BEGIN DATASET RECORDS
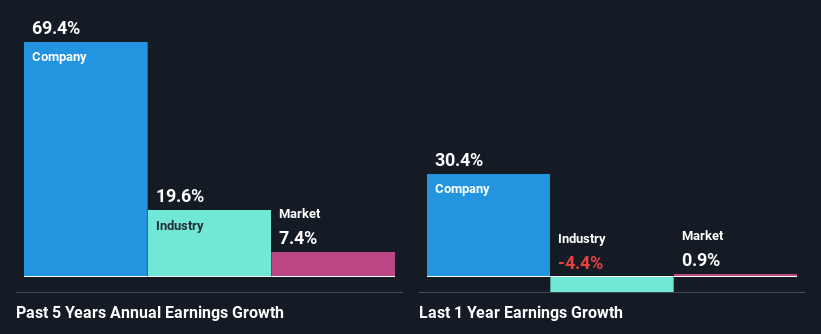 past-earnings-growth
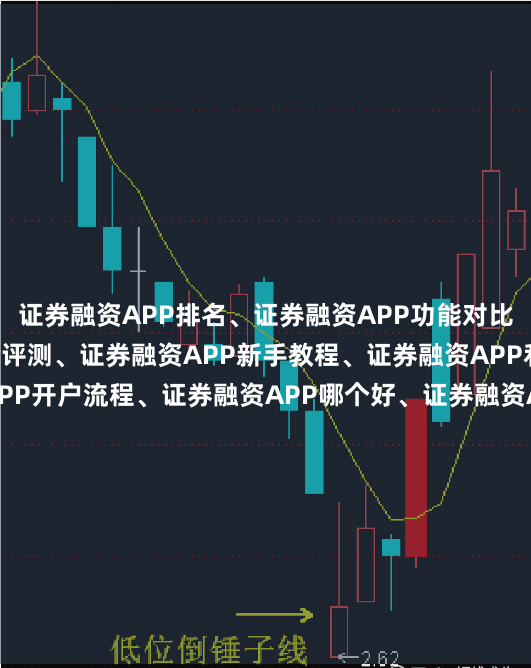 证券融资APP排名、证券融资APP功能对比、证券融资APP安全评测、证券融资APP新手教程、证券融资APP利率低、证券融资APP开户流程、证券融资APP哪个好、证券融资APP下载推荐、证券融资APP额度高、证券融资APP官方版、证券融资APP使用技巧、证券融资APP风险提示、证券融资APP实时行情、证券融资APP融资费率、证券融资APP操作指南、证券融资APP资金安全、证券融资APP认证流程、证券融资APP提现规则、证券融资APP支持券商、证券融资APP免费体验。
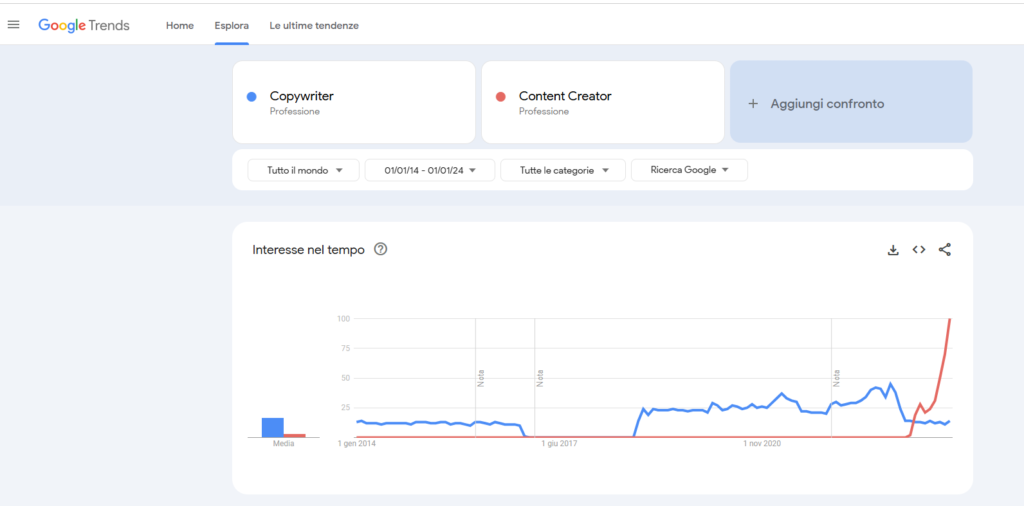 Google Trends confronto professioni copywriter e content creator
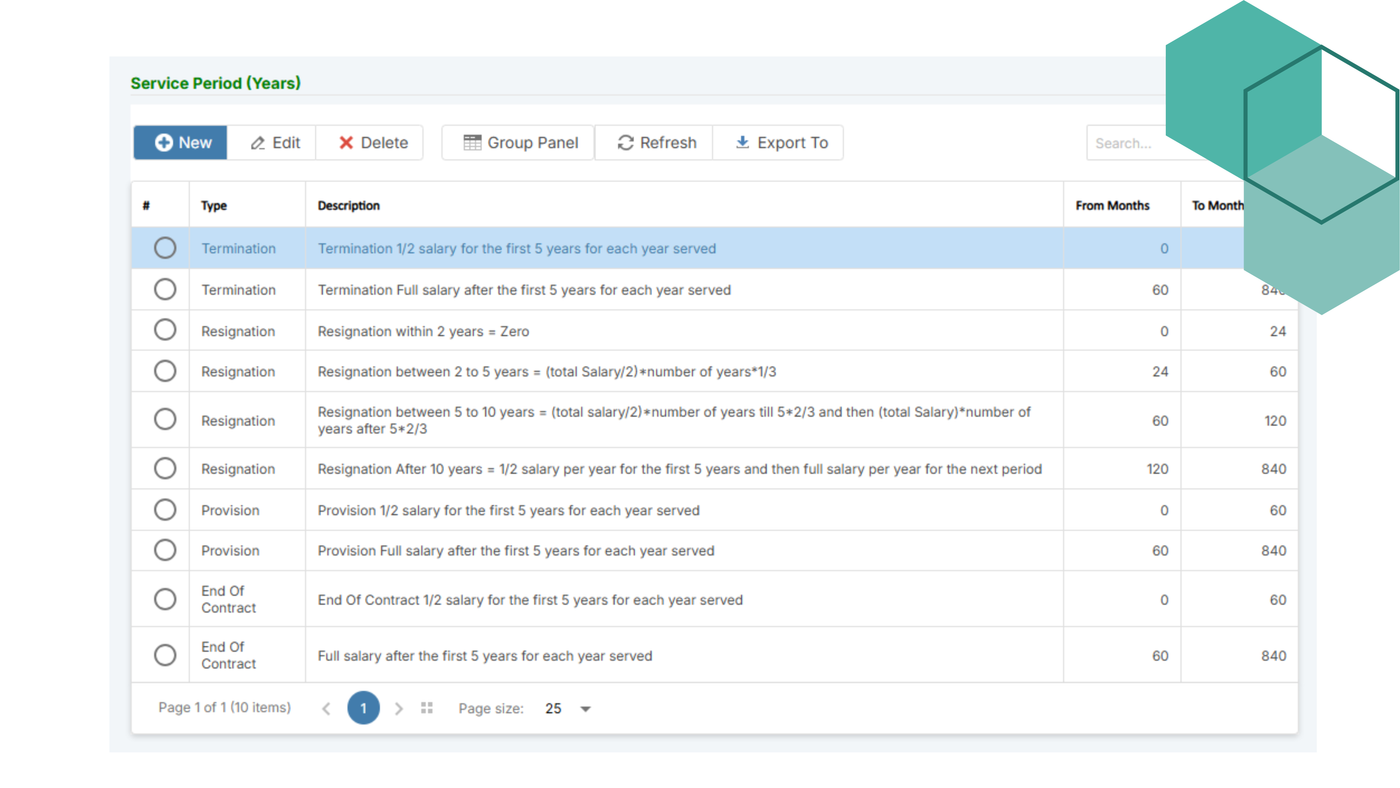 End of Service  Calculation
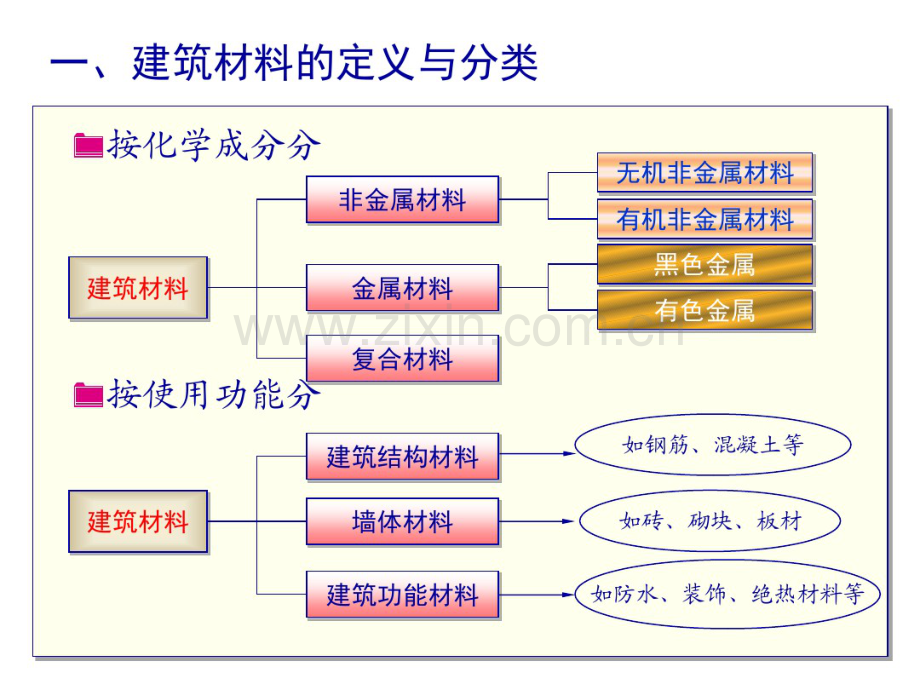 建筑材料全套课件演示文稿.pdf_第3页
END DATASET RECORDS
Please return the whole listing exactly. Do not copy its images.

 past-earnings-growth
 证券融资APP排名、证券融资APP功能对比、证券融资APP安全评测、证券融资APP新手教程、证券融资APP利率低、证券融资APP开户流程、证券融资APP哪个好、证券融资APP下载推荐、证券融资APP额度高、证券融资APP官方版、证券融资APP使用技巧、证券融资APP风险提示、证券融资APP实时行情、证券融资APP融资费率、证券融资APP操作指南、证券融资APP资金安全、证券融资APP认证流程、证券融资APP提现规则、证券融资APP支持券商、证券融资APP免费体验。
 Google Trends confronto professioni copywriter e content creator
 End of Service  Calculation
 建筑材料全套课件演示文稿.pdf_第3页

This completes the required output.